This design shows the versatility of the Long Two Bight Turk's Head and has been a favorite of mine for a while.

To create the lanyard for the flashlight, I used two four feet long strands of Tiger Camo paracord followed by twelve feet of Black paracord atop the braided strands.  I don't remember the total length of cord used for the flashlight but somewhere around ten feet should be sufficient.
To tie the lanyard, start by middling two strands which will leave you with four equal lengths. Start braiding by following my Diamond Braid Stitch tutorial and braid the entire length of cord to the ends.
Complete the lanyard by tying a Long Two Bight Turk's Head atop the braiding. Use the first part of Bud Brewer's tutorial to tie the Long Two Bight Turk's Head. You will need to modify the tutorial to suit your needs, in the original tutorial, the first image shows three turns, you will need to keep going around the braiding until you have almost completely covered the braiding. Also, when making your initial turns over the braiding, for every turn you will need to skip two segments of braiding in order to make the end result look correct.

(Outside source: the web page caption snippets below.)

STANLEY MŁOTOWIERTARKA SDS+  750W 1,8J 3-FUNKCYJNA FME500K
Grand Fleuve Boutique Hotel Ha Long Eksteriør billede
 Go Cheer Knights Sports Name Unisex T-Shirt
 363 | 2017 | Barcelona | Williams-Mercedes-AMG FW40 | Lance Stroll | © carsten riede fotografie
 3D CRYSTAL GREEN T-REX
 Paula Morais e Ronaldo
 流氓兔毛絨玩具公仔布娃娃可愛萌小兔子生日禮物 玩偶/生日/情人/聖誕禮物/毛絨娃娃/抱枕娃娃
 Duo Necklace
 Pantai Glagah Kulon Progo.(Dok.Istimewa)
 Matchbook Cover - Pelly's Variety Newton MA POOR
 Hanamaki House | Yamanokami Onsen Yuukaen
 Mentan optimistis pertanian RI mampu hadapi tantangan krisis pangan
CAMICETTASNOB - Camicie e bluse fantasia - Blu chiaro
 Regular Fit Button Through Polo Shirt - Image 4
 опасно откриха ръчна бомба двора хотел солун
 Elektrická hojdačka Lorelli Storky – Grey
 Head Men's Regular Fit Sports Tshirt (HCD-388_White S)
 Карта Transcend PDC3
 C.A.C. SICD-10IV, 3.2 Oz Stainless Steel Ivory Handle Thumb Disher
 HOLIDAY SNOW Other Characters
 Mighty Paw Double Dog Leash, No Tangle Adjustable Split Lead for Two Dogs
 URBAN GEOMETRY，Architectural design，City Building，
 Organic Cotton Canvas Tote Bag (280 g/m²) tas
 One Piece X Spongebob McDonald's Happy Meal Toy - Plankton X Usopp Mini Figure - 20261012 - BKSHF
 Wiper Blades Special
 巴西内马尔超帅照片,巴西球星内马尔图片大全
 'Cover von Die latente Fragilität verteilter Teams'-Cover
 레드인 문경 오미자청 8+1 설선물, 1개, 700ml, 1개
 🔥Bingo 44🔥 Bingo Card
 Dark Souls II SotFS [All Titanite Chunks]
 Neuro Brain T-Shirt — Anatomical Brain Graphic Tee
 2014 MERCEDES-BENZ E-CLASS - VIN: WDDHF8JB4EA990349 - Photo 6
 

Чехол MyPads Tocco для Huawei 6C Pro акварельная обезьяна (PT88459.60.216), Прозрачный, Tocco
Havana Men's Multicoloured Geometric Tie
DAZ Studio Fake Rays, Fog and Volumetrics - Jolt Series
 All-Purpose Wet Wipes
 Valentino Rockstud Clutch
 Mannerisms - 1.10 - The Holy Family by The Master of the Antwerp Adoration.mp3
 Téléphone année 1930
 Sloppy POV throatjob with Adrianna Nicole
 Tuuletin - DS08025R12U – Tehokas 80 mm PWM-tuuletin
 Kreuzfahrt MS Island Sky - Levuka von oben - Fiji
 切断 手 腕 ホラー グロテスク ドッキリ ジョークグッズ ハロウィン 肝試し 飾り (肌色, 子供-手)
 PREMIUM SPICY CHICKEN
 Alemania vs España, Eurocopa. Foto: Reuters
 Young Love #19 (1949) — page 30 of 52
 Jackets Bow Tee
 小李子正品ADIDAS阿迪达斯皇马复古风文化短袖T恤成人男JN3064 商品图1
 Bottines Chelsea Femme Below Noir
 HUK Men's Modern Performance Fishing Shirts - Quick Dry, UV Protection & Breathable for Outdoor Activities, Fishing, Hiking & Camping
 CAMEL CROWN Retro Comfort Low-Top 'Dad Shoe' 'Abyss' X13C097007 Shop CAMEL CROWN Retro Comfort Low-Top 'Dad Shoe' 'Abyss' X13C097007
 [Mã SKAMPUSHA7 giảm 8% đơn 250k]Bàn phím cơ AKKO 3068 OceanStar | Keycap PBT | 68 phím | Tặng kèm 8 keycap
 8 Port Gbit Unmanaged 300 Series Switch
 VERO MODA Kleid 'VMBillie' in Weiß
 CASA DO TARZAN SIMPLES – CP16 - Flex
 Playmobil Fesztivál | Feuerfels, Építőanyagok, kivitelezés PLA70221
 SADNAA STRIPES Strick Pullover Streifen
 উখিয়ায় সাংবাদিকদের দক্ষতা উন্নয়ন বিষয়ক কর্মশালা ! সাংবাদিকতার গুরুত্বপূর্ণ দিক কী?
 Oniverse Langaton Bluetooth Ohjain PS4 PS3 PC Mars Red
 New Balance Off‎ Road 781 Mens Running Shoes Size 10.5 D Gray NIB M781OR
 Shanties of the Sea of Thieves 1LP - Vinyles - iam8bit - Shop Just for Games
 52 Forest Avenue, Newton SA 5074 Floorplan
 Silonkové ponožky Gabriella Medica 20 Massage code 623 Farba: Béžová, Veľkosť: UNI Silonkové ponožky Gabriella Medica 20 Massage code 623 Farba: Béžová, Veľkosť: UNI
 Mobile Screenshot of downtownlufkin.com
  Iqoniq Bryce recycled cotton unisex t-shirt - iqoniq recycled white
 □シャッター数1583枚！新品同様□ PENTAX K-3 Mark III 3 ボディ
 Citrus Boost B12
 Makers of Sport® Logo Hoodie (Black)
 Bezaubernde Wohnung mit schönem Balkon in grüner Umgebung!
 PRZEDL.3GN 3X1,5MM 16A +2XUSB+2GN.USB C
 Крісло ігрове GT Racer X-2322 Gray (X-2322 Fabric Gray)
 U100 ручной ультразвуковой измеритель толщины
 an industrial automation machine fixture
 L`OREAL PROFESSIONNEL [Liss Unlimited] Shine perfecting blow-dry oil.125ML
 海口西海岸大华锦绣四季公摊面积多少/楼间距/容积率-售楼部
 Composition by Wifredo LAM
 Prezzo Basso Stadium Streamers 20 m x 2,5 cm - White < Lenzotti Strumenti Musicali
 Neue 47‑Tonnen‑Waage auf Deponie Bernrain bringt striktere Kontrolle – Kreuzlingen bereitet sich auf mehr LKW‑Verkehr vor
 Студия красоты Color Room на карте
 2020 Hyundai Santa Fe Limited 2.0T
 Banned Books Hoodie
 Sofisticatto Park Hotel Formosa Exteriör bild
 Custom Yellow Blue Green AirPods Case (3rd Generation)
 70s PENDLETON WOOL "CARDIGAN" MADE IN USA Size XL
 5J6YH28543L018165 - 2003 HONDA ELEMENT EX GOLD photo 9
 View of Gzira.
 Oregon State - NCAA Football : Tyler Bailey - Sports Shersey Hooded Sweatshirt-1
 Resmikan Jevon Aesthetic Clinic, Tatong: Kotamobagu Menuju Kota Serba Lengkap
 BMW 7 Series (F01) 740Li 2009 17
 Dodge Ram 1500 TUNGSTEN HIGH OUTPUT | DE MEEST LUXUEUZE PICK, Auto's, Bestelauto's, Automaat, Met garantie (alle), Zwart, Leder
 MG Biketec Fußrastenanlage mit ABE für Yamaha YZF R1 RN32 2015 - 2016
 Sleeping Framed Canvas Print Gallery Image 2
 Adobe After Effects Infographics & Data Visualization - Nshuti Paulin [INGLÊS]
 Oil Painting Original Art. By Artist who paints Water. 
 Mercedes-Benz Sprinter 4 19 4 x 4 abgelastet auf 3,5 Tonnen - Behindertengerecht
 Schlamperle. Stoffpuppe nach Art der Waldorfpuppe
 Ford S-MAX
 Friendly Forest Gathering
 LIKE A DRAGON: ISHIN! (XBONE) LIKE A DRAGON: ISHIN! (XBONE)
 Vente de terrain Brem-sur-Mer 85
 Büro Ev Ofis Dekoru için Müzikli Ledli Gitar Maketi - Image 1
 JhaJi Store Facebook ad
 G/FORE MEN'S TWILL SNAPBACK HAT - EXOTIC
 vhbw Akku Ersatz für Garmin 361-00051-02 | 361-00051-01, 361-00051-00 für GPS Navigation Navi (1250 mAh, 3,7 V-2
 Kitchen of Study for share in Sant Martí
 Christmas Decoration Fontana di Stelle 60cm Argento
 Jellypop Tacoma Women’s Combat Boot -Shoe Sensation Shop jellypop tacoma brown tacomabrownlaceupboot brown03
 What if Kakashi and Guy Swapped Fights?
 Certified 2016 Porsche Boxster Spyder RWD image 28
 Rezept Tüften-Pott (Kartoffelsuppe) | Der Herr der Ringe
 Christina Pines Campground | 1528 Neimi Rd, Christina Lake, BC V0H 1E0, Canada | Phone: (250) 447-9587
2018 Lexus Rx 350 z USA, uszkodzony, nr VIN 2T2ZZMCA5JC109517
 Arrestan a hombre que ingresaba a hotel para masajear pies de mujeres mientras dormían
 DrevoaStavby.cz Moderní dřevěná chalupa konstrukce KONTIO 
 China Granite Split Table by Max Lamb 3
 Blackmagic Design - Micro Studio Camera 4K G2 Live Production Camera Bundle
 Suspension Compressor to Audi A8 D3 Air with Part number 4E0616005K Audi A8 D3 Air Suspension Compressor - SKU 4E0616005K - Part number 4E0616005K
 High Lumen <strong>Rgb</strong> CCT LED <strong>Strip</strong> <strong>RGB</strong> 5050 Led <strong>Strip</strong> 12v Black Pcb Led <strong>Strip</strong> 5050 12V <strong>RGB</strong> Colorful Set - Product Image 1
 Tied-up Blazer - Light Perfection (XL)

I finished off the lanyard by attaching a 1/2" D-Ring and small lobster clamp by using West Country Whipping to cover the splice.

The flashlight is straightforward if you have completed the lanyard, just tie a Long Two Bight Turk's Head and stretch the cord out to extend the opening. Make sure the end result is tightened so that no slippage will occur.

Stay tuned, I intend to place my own spin on the Long Two Bight Turk's Head tutorial and hopefully it will be easier for those who haven't been able to figure it out yet.



  1. I'am sorry if you have gotten my previous questions. Not only am I new to tying I'am also new to computers! When you are doing the flash light turk wrap how do you secure the ends? If you have four strands for the braid I do not get how you do the snake wrap? I hope that makes any sense? Thank you for your time

  2. To secure the strands you will need to attach the four strands around a ring or whatever you are using for the end of the lanyard. You can do this many ways, but the easiest is to melt the ends together with a lighter to secure the paracord to the ring. Then cover the melted ends with what is called "whipping", I used West Country Whipping to cover the ends in this project.